Yitzhak Kadman, head of the National Council for the Child, called the passage of the law a "historic revolution" that enables "the fulfillment of the right to education."

It was unclear until the last minute whether the law would be passed, since Education Minister Yuli Tamir and the coalition opposed it due to lack of funding. The ministry estimated the cost of implementing the law to be about NIS 770 million a year, although the treasury expects the cost to be about half that.

"It's impossible to pass education laws without a budget," said Tamir, adding that she supports the law in principle.

The law ended up getting passed because of the support of 28 MKs, the only ones to participate in the vote. The small number of voters was made possible due to the Knesset legal adviser's decision that the bill was not a budgetary one, which would have required a majority of at least 50 MKs. In order to fall into the non-budgetary category, the bill initiators gave up the demand that the law be enforced by truancy officers.

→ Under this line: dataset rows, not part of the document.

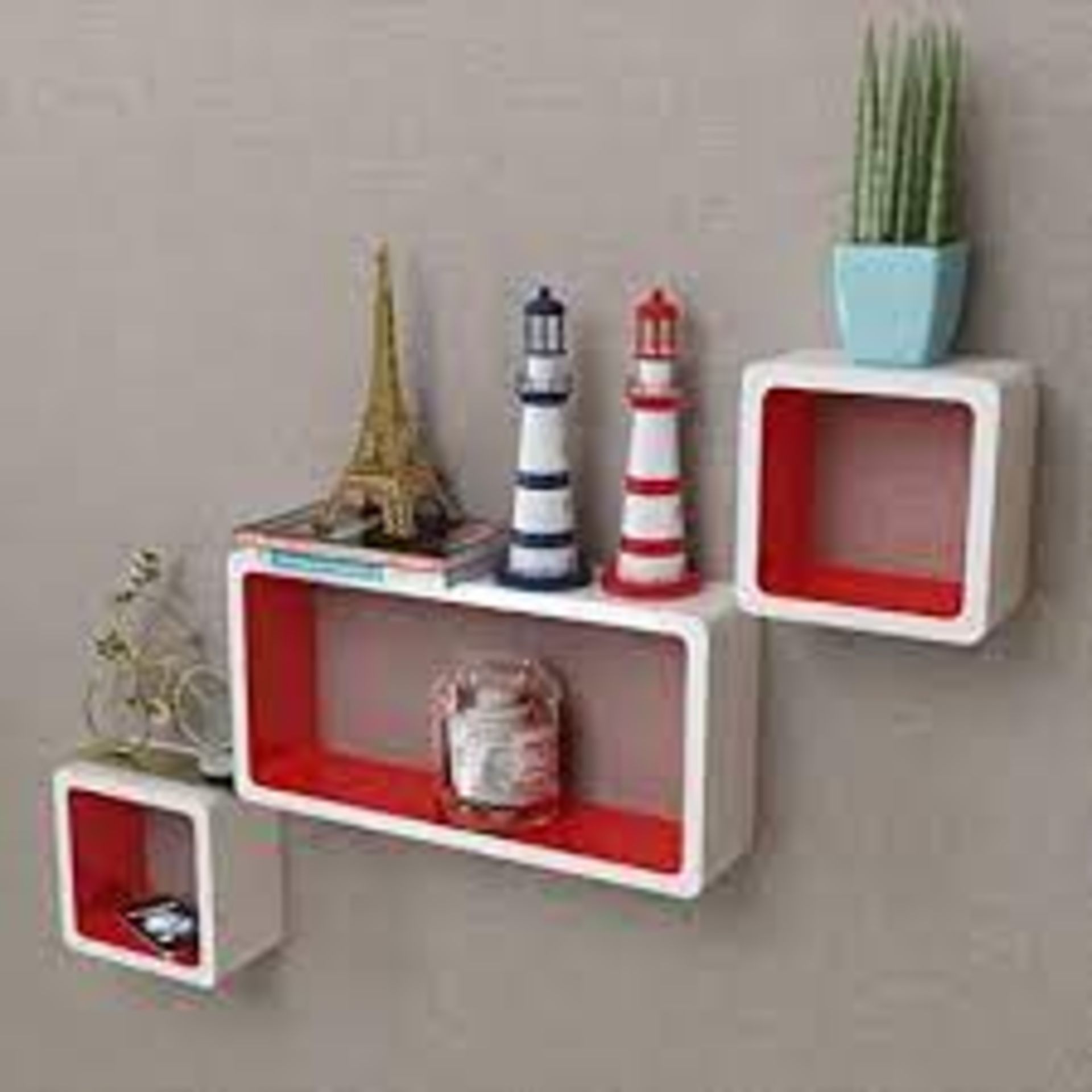 10 X NEW PACKAGED SETS OF 3 FLOATING WALL CUBE SHELFS IN WHITE & RED. HW-3P006W/R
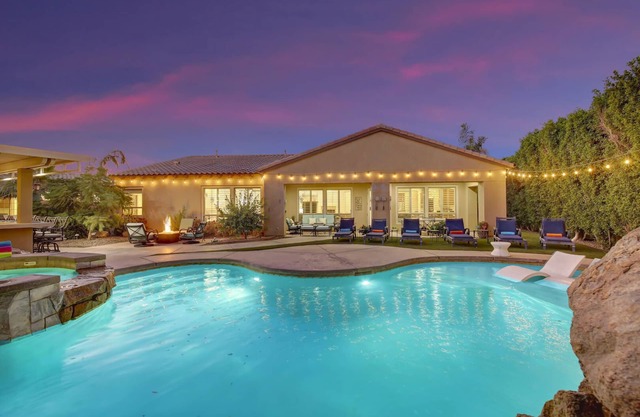 Echelon: Pool, Spa, Pool Table, Ping Pong table!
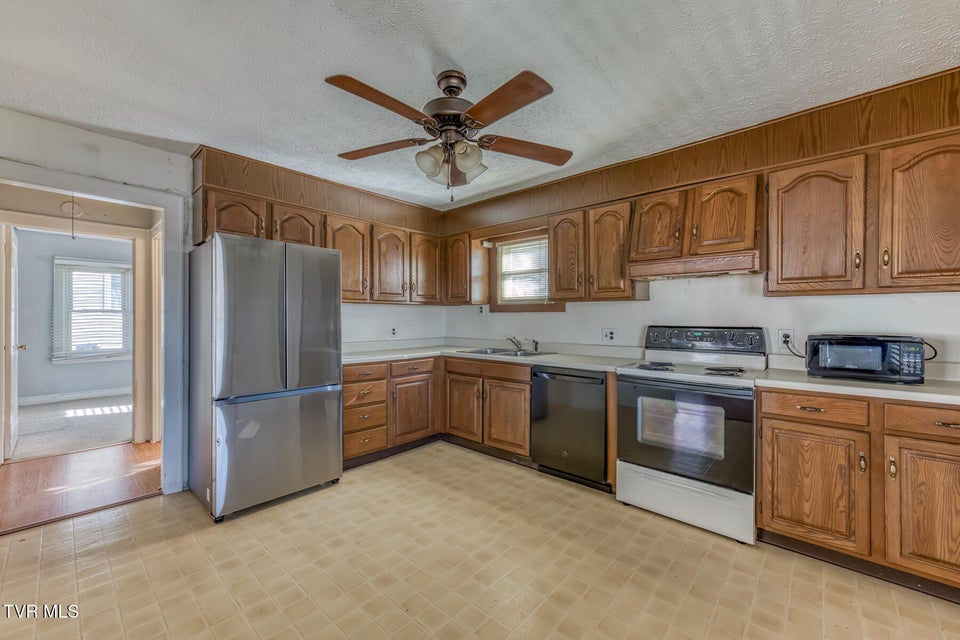 Photo #4: 2222 Windsor Avenue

The Central Bureau of Statistics estimates the number of dropouts at 30,000 a year. However, the number is somewhat lower according to Education Ministry data, which show that some 23,800 high school students, or 5.4 percent, dropped out of school between the 2005-06 school year and the year after. Most of those students dropped out after 10th grade.

The Jewish sector had the lowest dropout rate, at 4.7 percent. The Arab sector had an 8.3 percent dropout rate, and the Bedouin sector had a 9.8 percent rate.